Making union types even more useful

Only if A and B are disjoint. Otherwise more than one branch can match, and only the first one will be executed.

I get that :slight_smile: , what I’m trying to understand is in what situations this would actually cause undesirable behavior.

The cases seem to be:

  1. Disjoint (A | B)
  2. Same type (A | A)
  3. Super & subtype (A | B where A <: B)

As far as I can tell, none of these cases should cause undesirable behavior:

  1. Unambiguously handled by the match
  2. Regardless of which case matches, the same method will be called on the same instance
  3. LSB should mean that the super and subtype should be interchangeable.
    If not, then in a program where a.foo and (b: B).foo do different things, match order mattering is probably the least surprising thing you’ll encounter :slight_smile:
5 Likes

Yes, I think you are right, as long as we restrict our focus to member selection. If there is an overlap then dynamic dispatch will provide the right method.

6 Likes

Clarification question on intent, in the case where the type signatures are not identical: does this capture the desired return type in this case?

class A() {
  def foo: Int
}
class B() {
  def foo: String
}

val input: List[A|B] = List(A(), B())
val output: List[Int|String] = input.map(_.foo)

I guess you mean input.map(_.foo)
Yes, List[Int|String] would be a type I’d like :+1:

1 Like

Yep :person_facepalming:

I think union types need to be more common in order to be more useful, which I assume would mean disabling eager widening—having to force them to stick around with type annotations at every point works against them.

What’s the rationale for widening something like if someBool then B() else C() to A early if B|C <: A holds for trait A; class B extends A; class C extends A? After all B() or C() on their own isn’t widened to A.

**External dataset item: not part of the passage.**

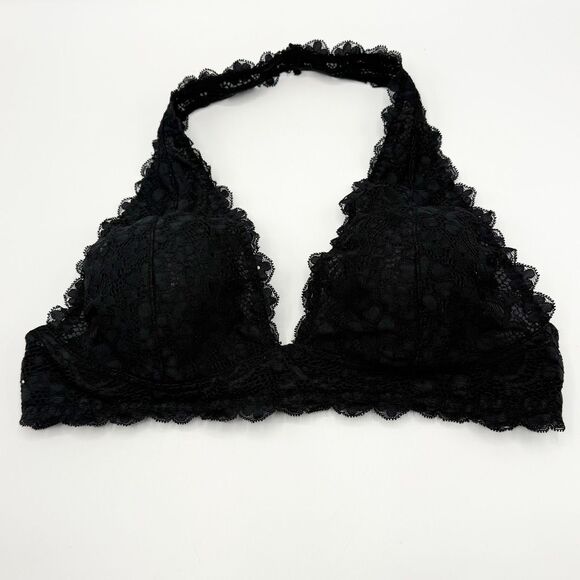 Intimately Free People Black Lace Halter Bralette - Women’s US L - Picture 1 of 10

I think I remember asking this at some point before and being answered that it interfered with implicits (seems like a lot of things do :roll_eyes:) but couldn’t the rules for implicits be adjusted then, rather than make everything else conform?

2 Likes

do you mean if someBool then B() else C()?

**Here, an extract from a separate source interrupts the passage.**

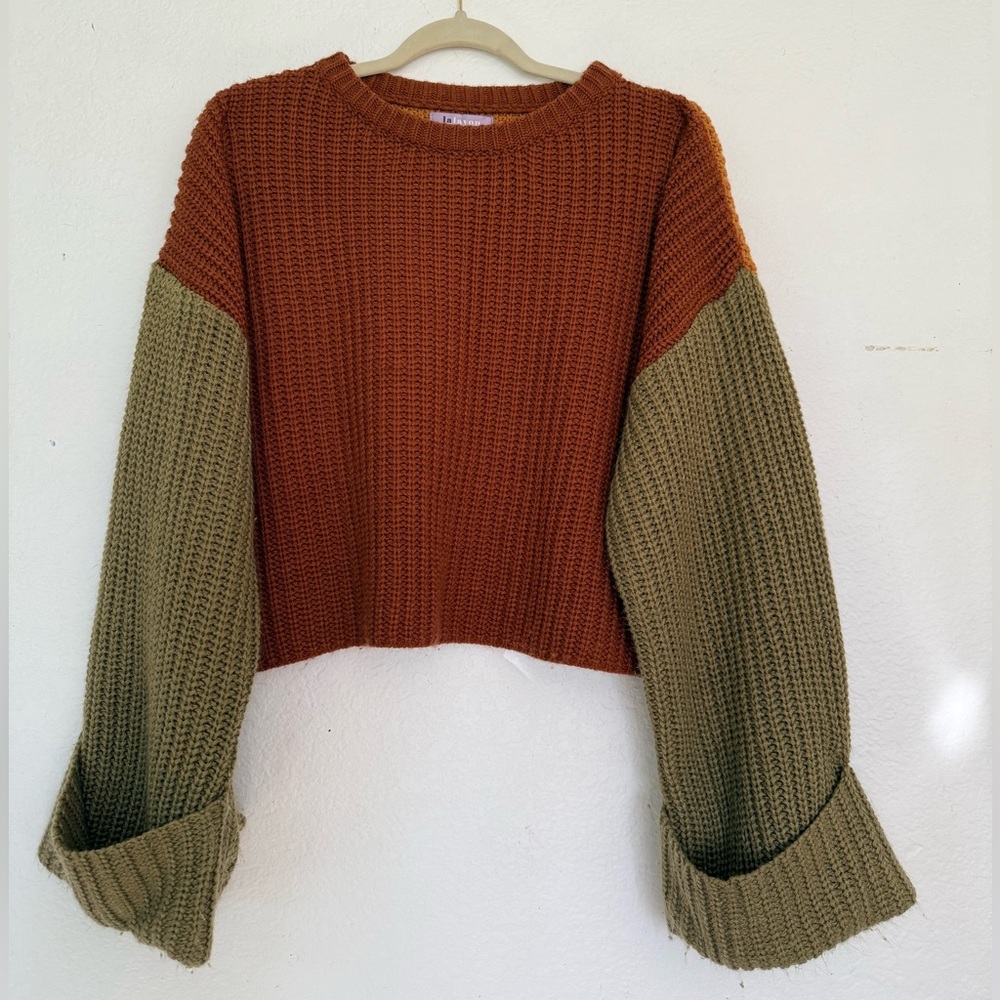 Lalavon Rust Olive Green Colorblock Cropped Knit Sweater Medium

Yes, typo. I edited my post. Although strictly speaking an unwidened type like A|B would still be valuable.

See Pre-SIP: Exact type annotation

There are at least three reasonable+legal ways to type if p then 42 else "hello" as in:

scala> var p = true
var p: Boolean = true
                                                                                
scala> val x = if p then 42 else "hello"
val x: Matchable = 42
                                                                                
scala> val x: 42 | "hello" = if p then 42 else "hello"
val x: 42 | "hello" = 42
                                                                                
scala> val x: Int | String = if p then 42 else "hello"
val x: Int | String = 42

And I think its is most intuitive to the user that it gets the inferred type Int | String and not Matchable as currently (or even Any). (Students ask me about Matchable and Any and the explanation often leaves them unsatisfied as we need to get ahead of basic things to give a meaningful picture or else simplify roughly, BUT a union of Int | String seems much easier to understand for a beginner.)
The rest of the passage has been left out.